## Study material

◇ ◇ ◇ ◇

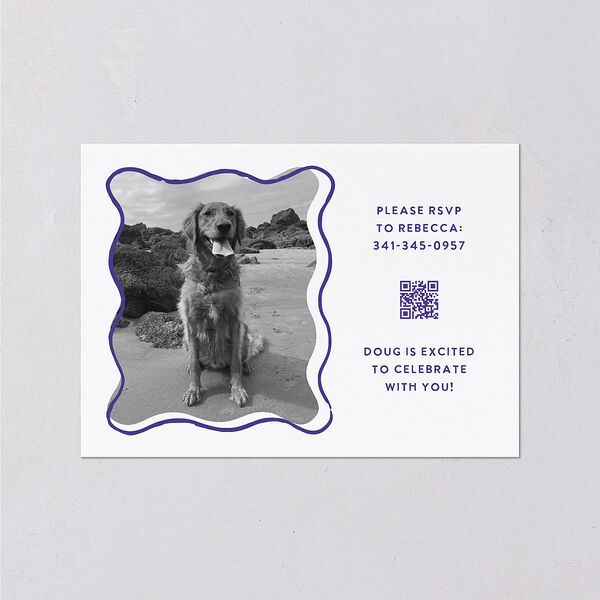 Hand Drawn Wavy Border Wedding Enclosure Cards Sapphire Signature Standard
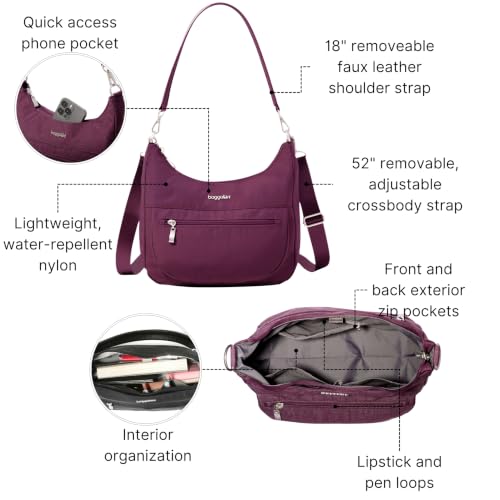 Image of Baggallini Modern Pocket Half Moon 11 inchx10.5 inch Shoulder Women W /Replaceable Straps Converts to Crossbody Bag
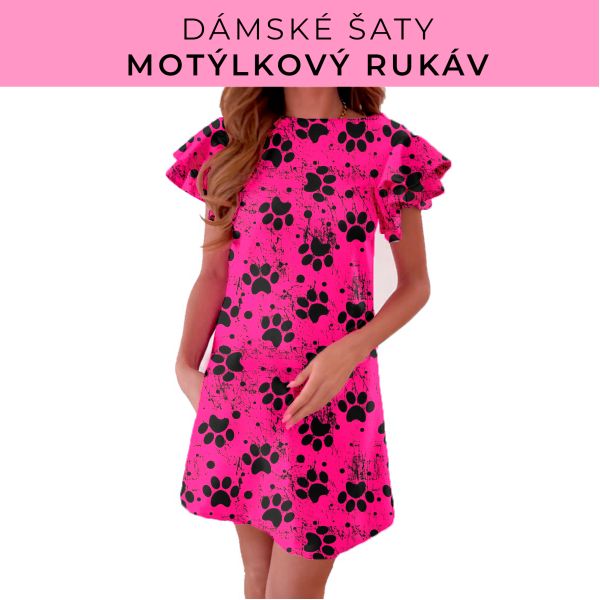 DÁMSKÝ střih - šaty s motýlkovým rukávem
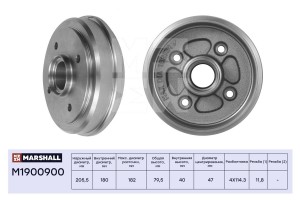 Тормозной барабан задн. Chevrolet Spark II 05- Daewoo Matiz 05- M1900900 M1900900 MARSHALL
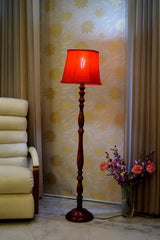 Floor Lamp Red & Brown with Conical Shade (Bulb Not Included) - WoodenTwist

◇ ◇ ◇ ◇

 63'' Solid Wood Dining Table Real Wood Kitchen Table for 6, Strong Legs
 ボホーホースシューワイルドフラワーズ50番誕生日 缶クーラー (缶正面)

◇ ◇ ◇ ◇

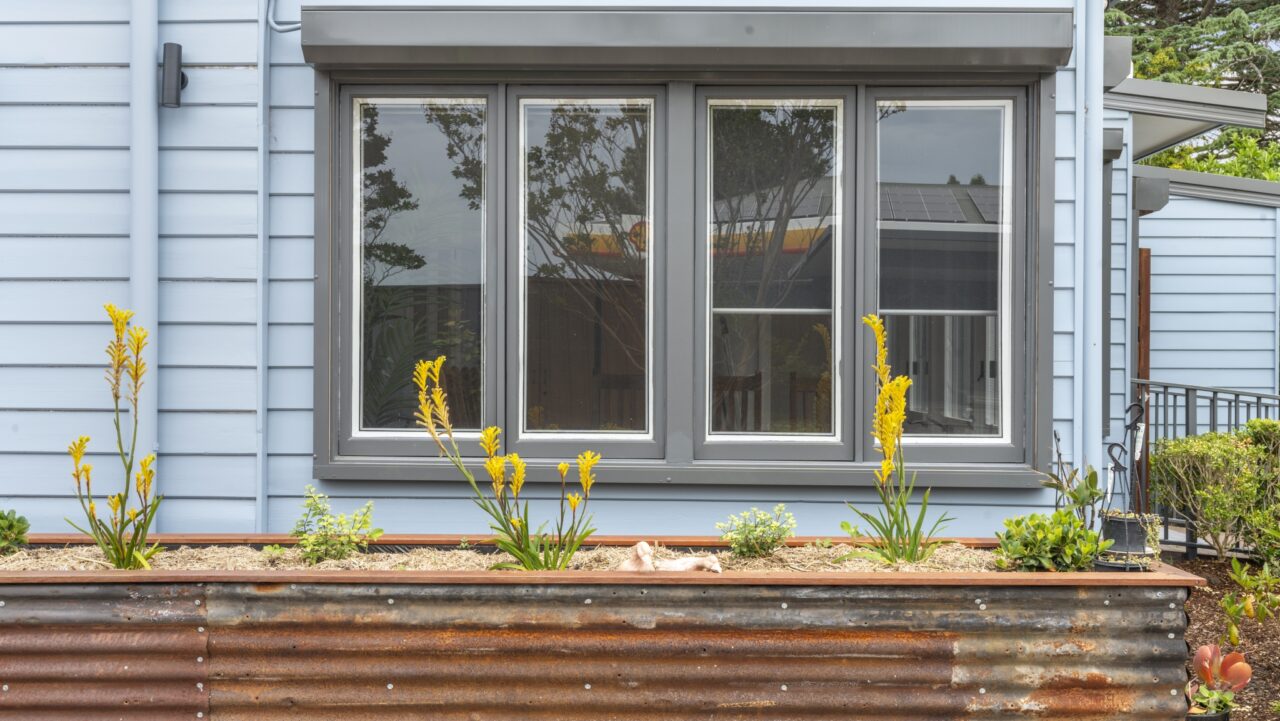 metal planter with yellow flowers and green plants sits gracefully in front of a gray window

◇ ◇ ◇ ◇

## Exercise objective
Would you retype the lines above from the one with "63'' Solid Wood" down to the one with "ボホーホースシューワイルドフラワーズ50番誕生日 缶クーラー (缶正面)", word for word, both ends included and no other lines?

## Response
 63'' Solid Wood Dining Table Real Wood Kitchen Table for 6, Strong Legs
 ボホーホースシューワイルドフラワーズ50番誕生日 缶クーラー (缶正面)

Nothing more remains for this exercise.